La décision a été mise en délibéré au 13 janvier 2025.
A titre liminaire
Aux termes de l’article 768 du code de procédure civile, le tribunal ne doit statuer que sur les prétentions énoncées au dispositif et n’examine les moyens au soutien de ces prétentions que s’ils sont invoqués dans la discussion. Or ne constituent pas des prétentions au sens de l’article 4 du code de procédure civile les demandes des parties tendant à voir « constater », « dire », « juger » ou « donner acte », en ce que, hors les cas prévus par la loi, elles ne sont pas susceptibles d’emporter de conséquences juridiques, mais constituent en réalité des moyens ou arguments, de sorte que le tribunal n’y répondra qu’à la condition qu’ils viennent au soutien de la prétention formulée dans le dispositif des conclusions et, en tout état de cause, pas dans son dispositif mais dans ses motifs, sauf à statuer sur les demandes des parties tendant à « dire et juger » lorsqu’elles constituent un élément substantiel et de fond susceptible de constituer une prétention (2ème Civ., 13 avril 2023, pourvoi n° 21-21.463).
Sur les demandes principales
Sur la demande de paiement d’honoraires
Aux termes des articles 1103 et 1104 du code civil, les contrats légalement formés tiennent lieu de loi à ceux qui les ont faits ; ils doivent être négociés, formés et exécutés de bonne foi.
En application de l’article 1353 du code civil, celui qui réclame l’exécution d’une obligation doit la prouver et réciproquement, celui qui se prétend libéré, doit justifier le payement ou le fait qui a produit l’extinction de l’obligation.

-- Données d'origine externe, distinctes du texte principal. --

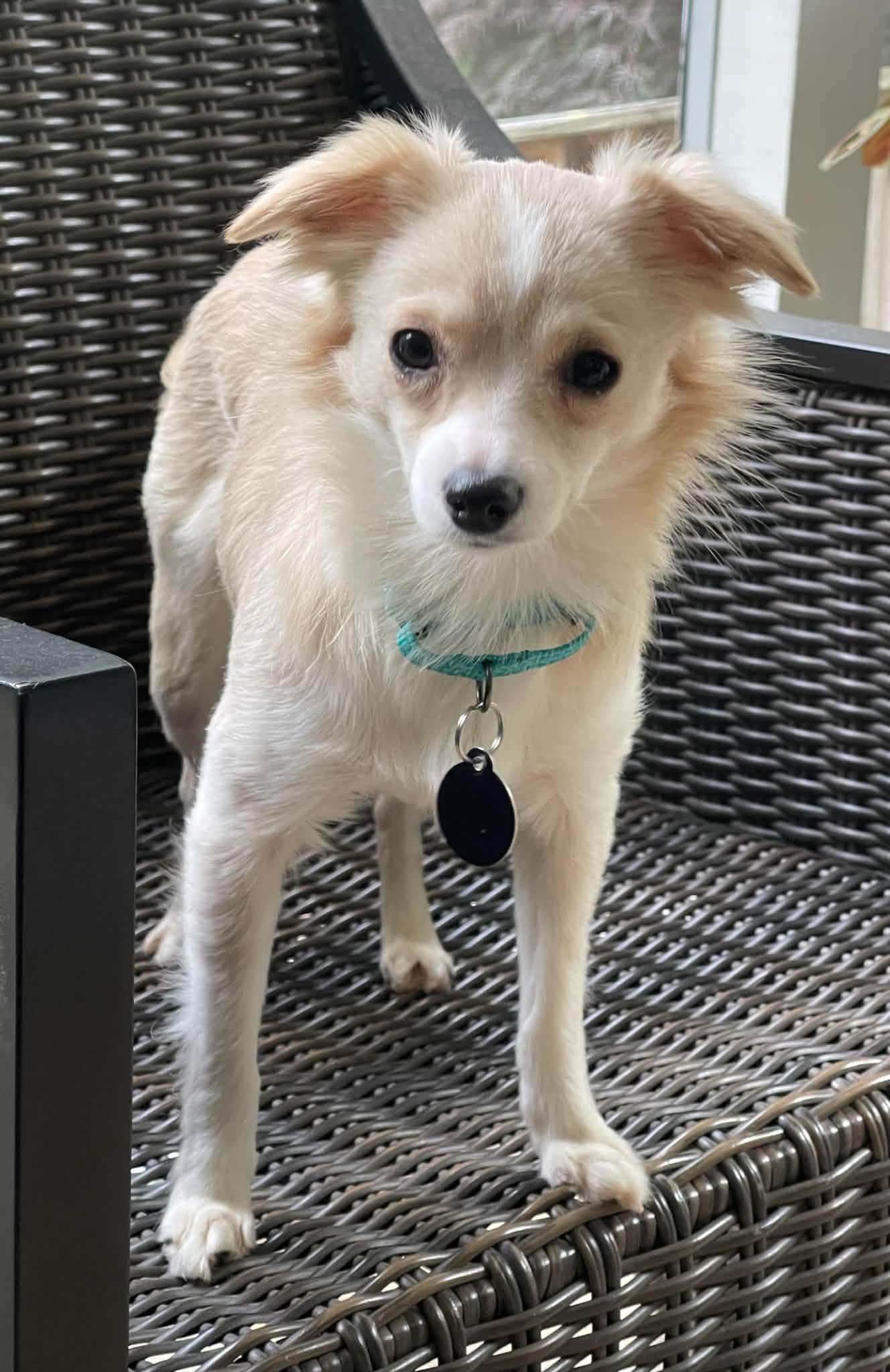 Enlarge Lainey, a Adoptable Chihuahua in Arlington, VA image 2/3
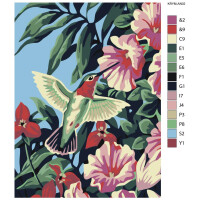 Schilderij op nummer "Kolibrie", 30x40cm, krym-an02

s’agissant du contrat signé le 06 juin 2017
En l’espèce, aux termes du contrat signé le 06 juin 2017, la SCI STECYR a confié à la SARL HEPTAGONE concernant les locaux situés [Adresse 1] à [Localité 8] :
une mission pour la réalisation d’un permis de construire modificatif ; une mission de maîtrise d’œuvre d’exécution pour la direction des travaux de gros œuvre, le clos et le couvert.
Ce même document prévoit que les missions sont découpées en trois phases :
– phase 1 – audit de l’existant et dossier PCM d’un montant de 2.000 € HT ;
– phase 2 – dossier DCE d’un montant de 3.000 € HT ;
– phase 3 – direction des travaux d’un montant de 3.000 € HT.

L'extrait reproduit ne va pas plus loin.